I'm trying to separate vocals from a song using a deep learning model. The output is not wrong, but some extra noises cause the signal to sound bad.
The following is 3 seconds of the output file where the noise exists (the areas with a rectangle are the noises):
How can I remove these noises from my output file? I can see that these parts have a different amplitude than the other parts of the songs I want. is there a way to filter the signal based on these amplitudes and only allow a specific amplitude range to exist in my signal?
thanks
UPDATE: Please look at the accepted answer and my code for the denoising algorithm that is working as expected!
'How can I remove these noises from my output file?
You could 'window' it out (multiply those parts of the signal with a step function at e.g. 0.001 for the noise, and at 1 for the signal). This would silence the noisy regions, and keep your regions of interest. It is however not generalisable - and will work only for a pre-specified audio segment, since the window will be fixed.

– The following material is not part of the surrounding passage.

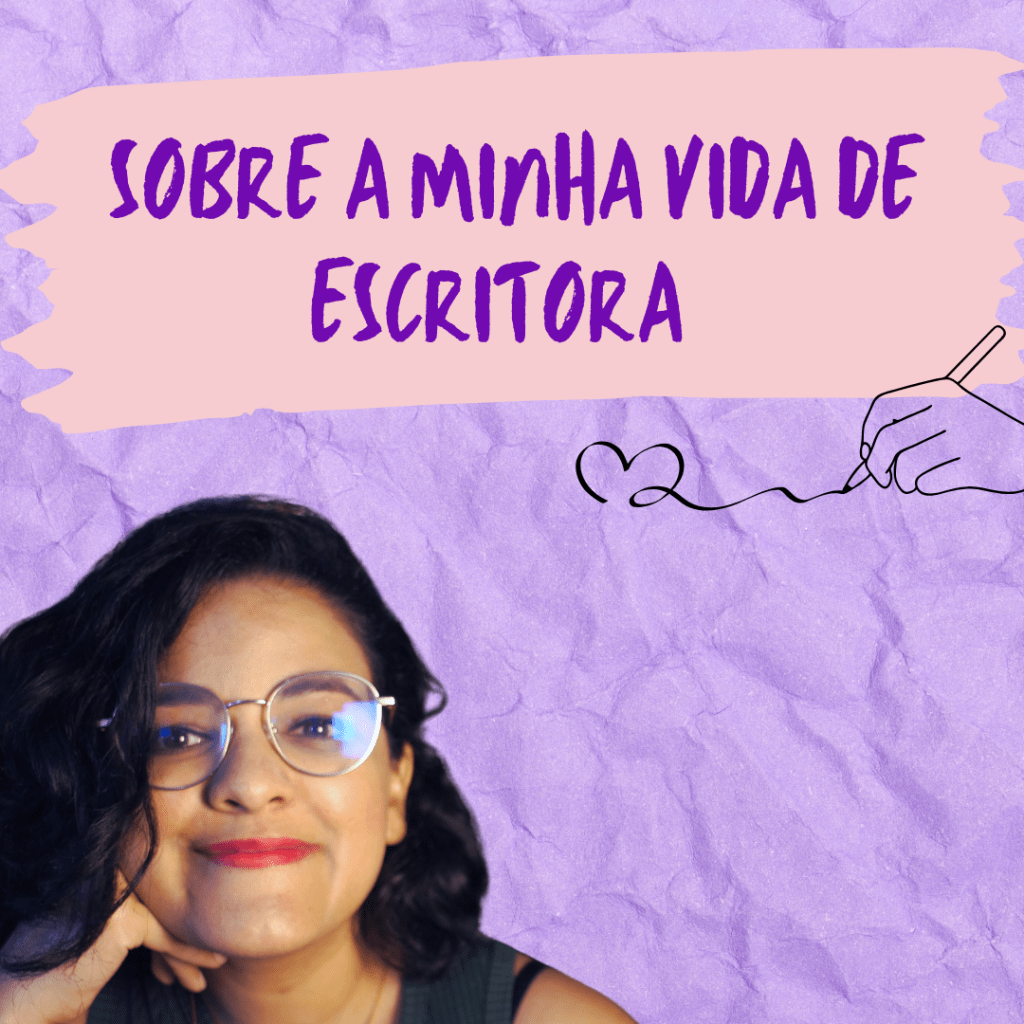 Por que escolhi ser escritora? Minha história com a&nbsp;escrita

I can see that these parts have a different amplitude than the other parts of the songs I want. is there a way to filter the signal based on these amplitudes and only allow a specific amplitude range to exist in my signal
Here you could use two approaches 1) running-window to calculate energy (sum of X^{2} over N samples, where X is your audio signal) or 2) generate the Hilbert envelope for your signal, and smooth the envelope with a window of the appropriate length (perhaps 1-100's of milliseconds long). You can set a threshold based on either the energy or Hilbert envelope.